Brief descriptive captions:

+++

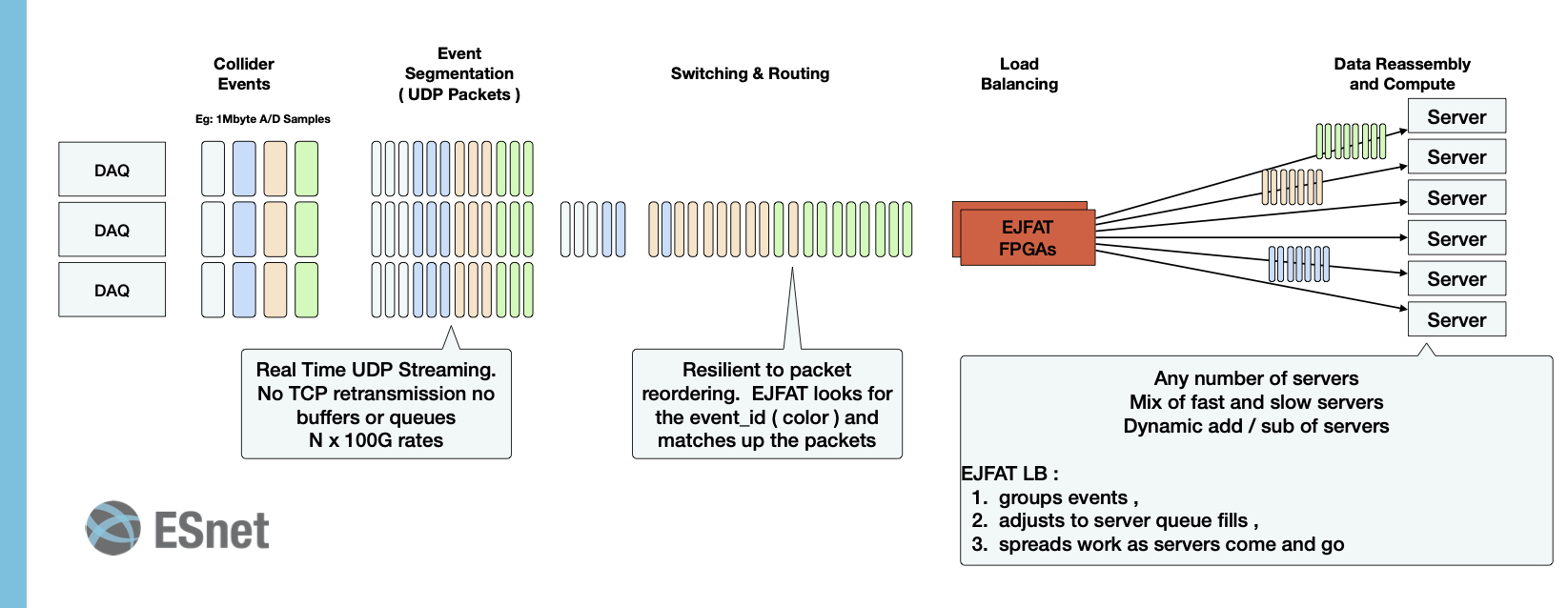 E2SAR deployment options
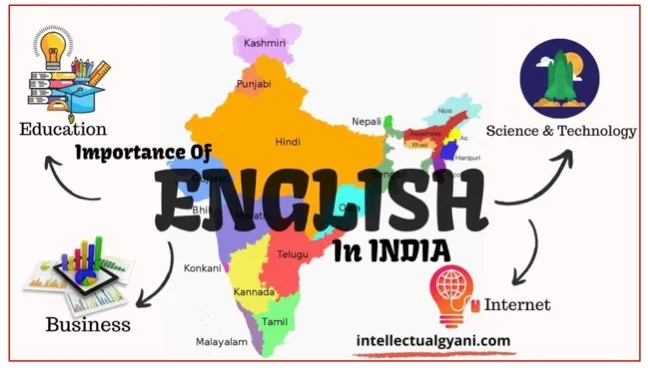 Biggest Lies About Sri Lanka-Sri Lankans Are Not Fluent In English?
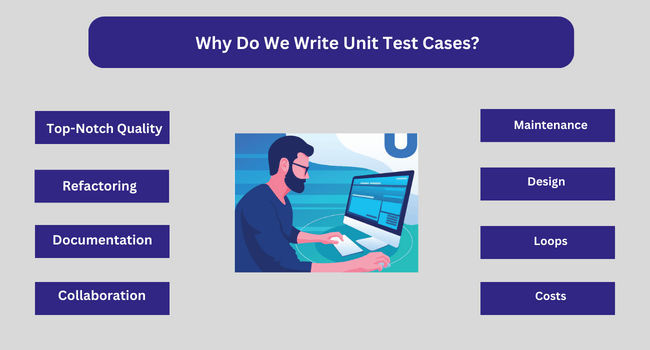 What is the Unit Test Case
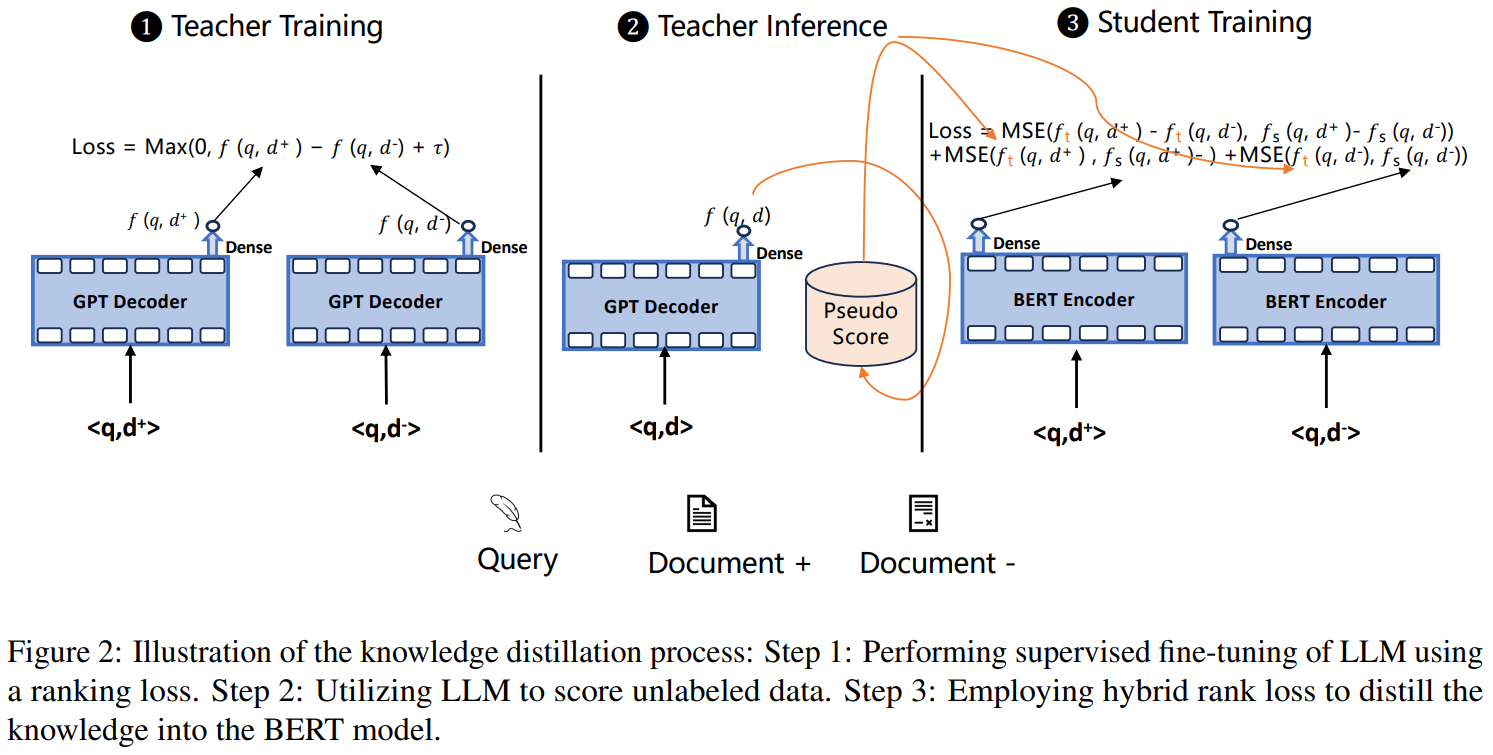 Retrieval-Augmented Visual Document Understanding, Long Context RAG ...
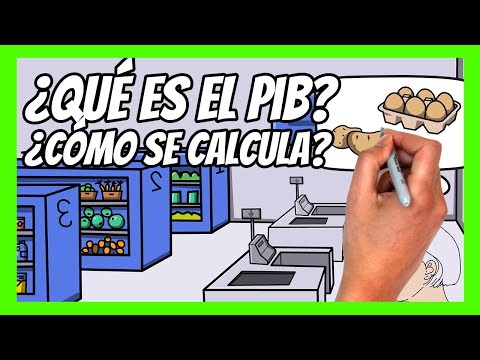 What is GDP? What is it used for and how is it calculated? | Easy GDP explanation in 10 minutes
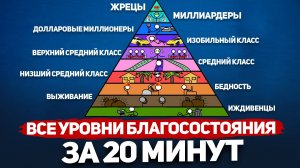Все уровни благосостояния за 20 минут
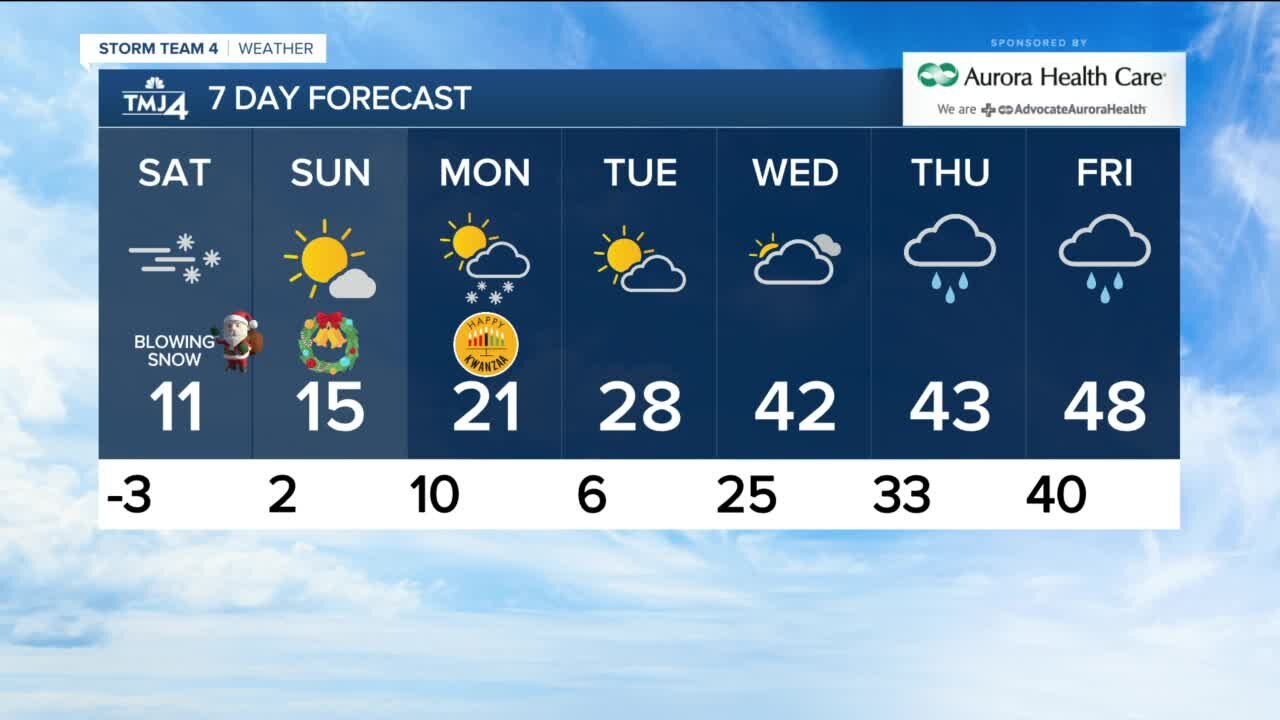 Windy and Bitter Cold Into Christmas Eve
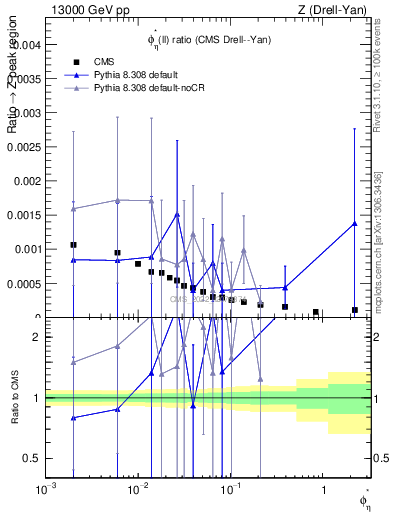 Plot of ll.phiStar_ll.phiStar in 13000 GeV pp collisions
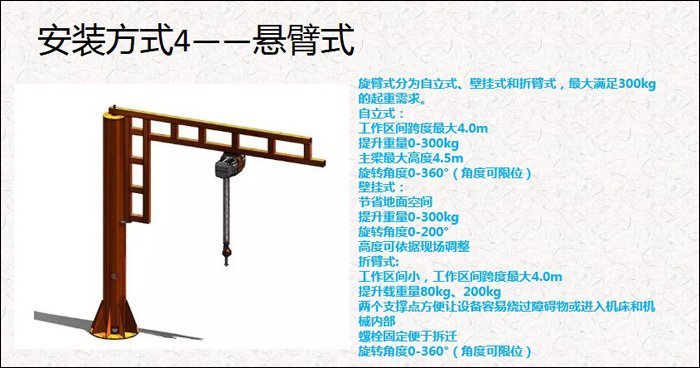 智能提升機的安裝方式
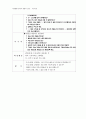 유아교과교육론- 사회생활완전최종 15페이지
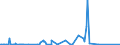 KN 26030000 /Exporte /Einheit = Preise (Euro/Tonne) /Partnerland: Indien /Meldeland: Eur27_2020 /26030000:Kupfererze und Ihre Konzentrate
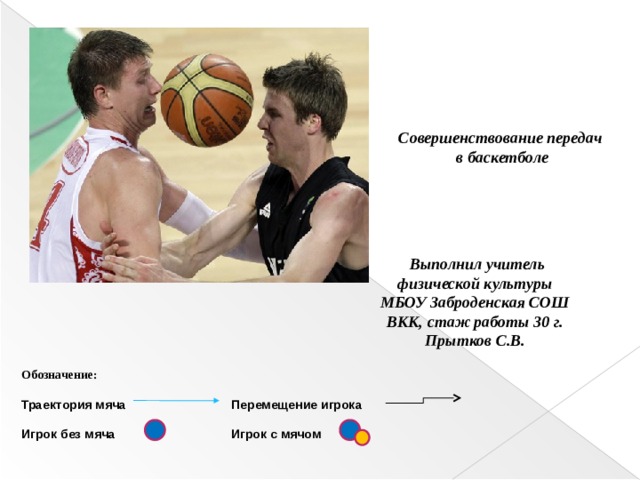 Совершенствование передач  в баскетболе   Выполнил учитель физической культуры МБОУ Заброденская СОШ ВКК, стаж работы 30 г. Прытков С.В. Обозначение: Траектория мяча Перемещение игрока  Игрок без мяча Игрок с мячом  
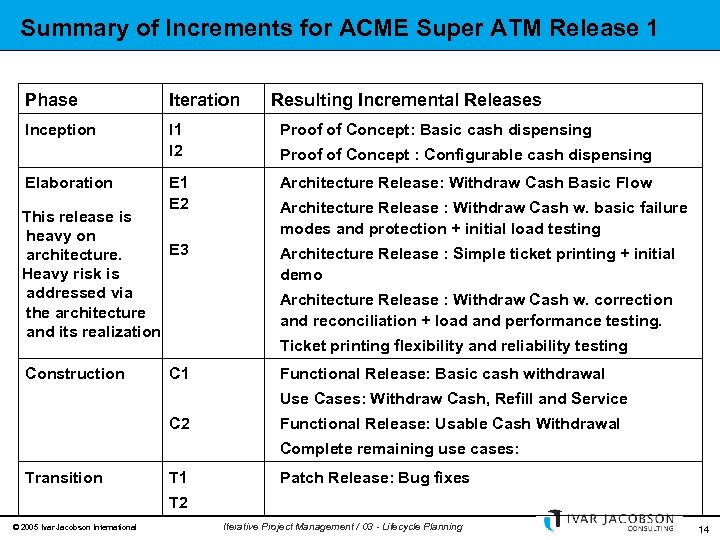 Summary of Increments for ACME Super ATM Release 1 Phase Iteration Inception I 1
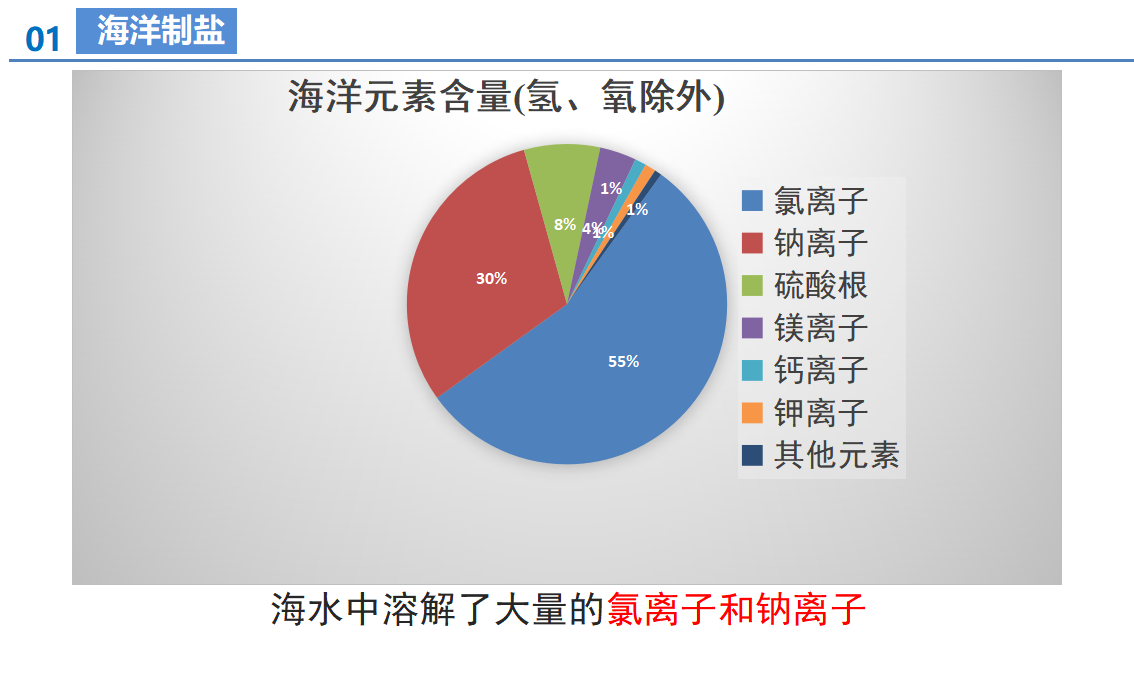 课题3 溶质的质量分数（第3课时）（教学课件）-【上好课】九年级化学下册同步高效课堂（人教版2024）_08.png
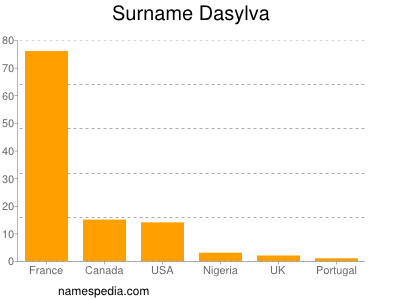 nom Dasylva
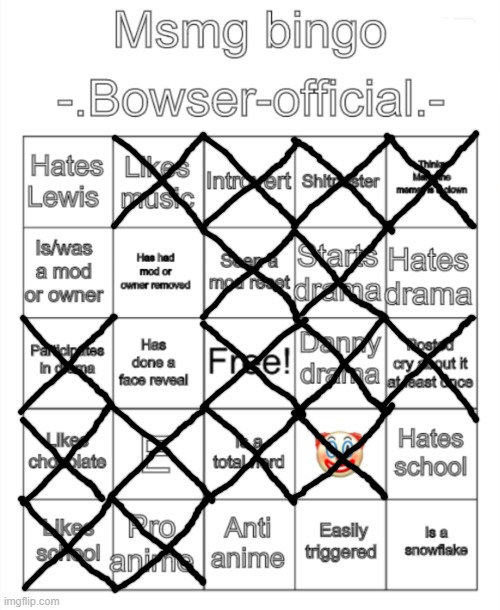 Bingo. | image tagged in msmg bingo - bowser-official - version | made w/ Imgflip meme maker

+++

In the records above, find the line with "Plot of ll.phiStar_ll.phiStar" and the line with "Summary of Increments". Write out exactly those lines and every one between, with no pictures and no other lines.

 Plot of ll.phiStar_ll.phiStar in 13000 GeV pp collisions
 智能提升機的安裝方式
 유아교과교육론- 사회생활완전최종 15페이지
 KN 26030000 /Exporte /Einheit = Preise (Euro/Tonne) /Partnerland: Indien /Meldeland: Eur27_2020 /26030000:Kupfererze und Ihre Konzentrate
 Совершенствование передач  в баскетболе   Выполнил учитель физической культуры МБОУ Заброденская СОШ ВКК, стаж работы 30 г. Прытков С.В. Обозначение: Траектория мяча Перемещение игрока  Игрок без мяча Игрок с мячом  
 Summary of Increments for ACME Super ATM Release 1 Phase Iteration Inception I 1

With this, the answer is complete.